◆ **WHAT THE EXERCISE ASKS**: For every entry that follows, return an identical copy.
+++
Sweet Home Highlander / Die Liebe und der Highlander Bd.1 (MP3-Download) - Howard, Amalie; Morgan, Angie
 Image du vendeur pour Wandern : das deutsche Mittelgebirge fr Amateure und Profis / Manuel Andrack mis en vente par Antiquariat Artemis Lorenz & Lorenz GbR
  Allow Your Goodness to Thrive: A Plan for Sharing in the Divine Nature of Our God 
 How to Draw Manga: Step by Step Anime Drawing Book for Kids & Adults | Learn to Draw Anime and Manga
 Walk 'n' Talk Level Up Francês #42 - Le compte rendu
+++
◆ **COMPLETED EXERCISE**:
Sweet Home Highlander / Die Liebe und der Highlander Bd.1 (MP3-Download) - Howard, Amalie; Morgan, Angie
 Image du vendeur pour Wandern : das deutsche Mittelgebirge fr Amateure und Profis / Manuel Andrack mis en vente par Antiquariat Artemis Lorenz & Lorenz GbR
  Allow Your Goodness to Thrive: A Plan for Sharing in the Divine Nature of Our God 
 How to Draw Manga: Step by Step Anime Drawing Book for Kids & Adults | Learn to Draw Anime and Manga
 Walk 'n' Talk Level Up Francês #42 - Le compte rendu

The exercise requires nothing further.